The first article in this issue draws from the keynote dialog on New Global Roles for Cities and Regions. Jim Koch and Uri Savir discuss the impact of rapid technological change, particularly electronic networks, on “glocalism,” defined as a process for linking and governing the benefits of globalization to local situations. Significant “glocal” issues that affect the major cities and regions of the world include economic growth, privatization, poverty, migration and social cohesion, and peace. The authors identify the need for a better balance between the global forces of technology and economic growth, and local needs and identities.

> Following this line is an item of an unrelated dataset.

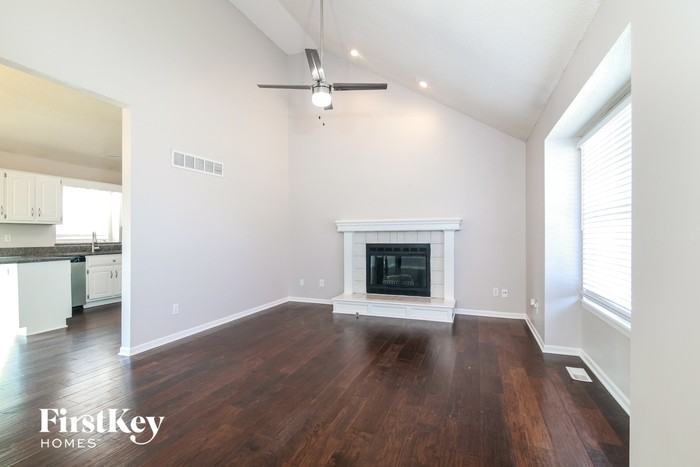 1010 Peggy Dr - Photo 2 of 15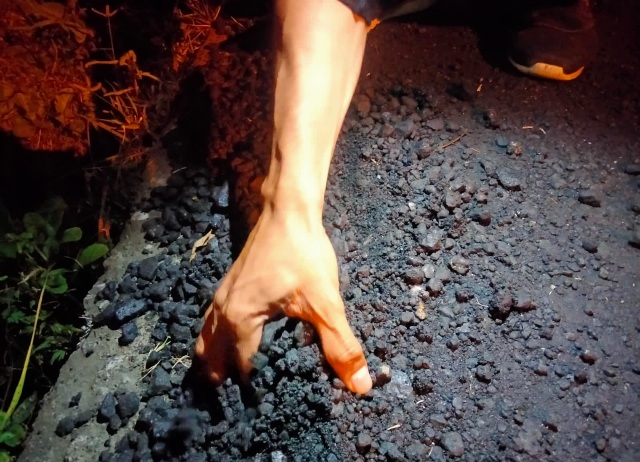 Jalan yang Baru Dibangun Sangat Mudah Dicungkil Pakai Tangan Kosong. (Rakyatmu)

The next two articles come from the special session on The Case of Mexico as a Developing Nation, and call to our attention a series of related issues and problems arising from advances in science and technology. Javier Elguea offers a macro-level perspective on the challenges facing all developing countries, including ways to conceptualize and address the “digital divide.” Elguea’s core argument is that we need to distinguish poverty from inequality, and that trying to solve both problems at the same time is not only impossible but also misguided. Manuel Gándara shares “lessons from the field” gleaned from several projects carried out in Mexico. Gándara’s article probes in depth the question of access and the strategies employed most often to bridge “digital divides.” Both articles examine our assumptions about the impact of globalization on developing countries.
The fourth article, from the special session on Legal Challenges, deals specifically with the challenge of “e-waste.” Chad Raphael examines the efforts to control the growing global problems of ecological and health impacts of the waste products of information technology. Citing examples from several countries, Raphael documents the key issues and reviews relevant legislation.
Finally, Howard Anawalt presents an overview and commentary of four articles (available as an STS NEXUS Supplement), each of which provides a legal perspective on the effects of networking, especially the Internet, on global intellectual property and information rights.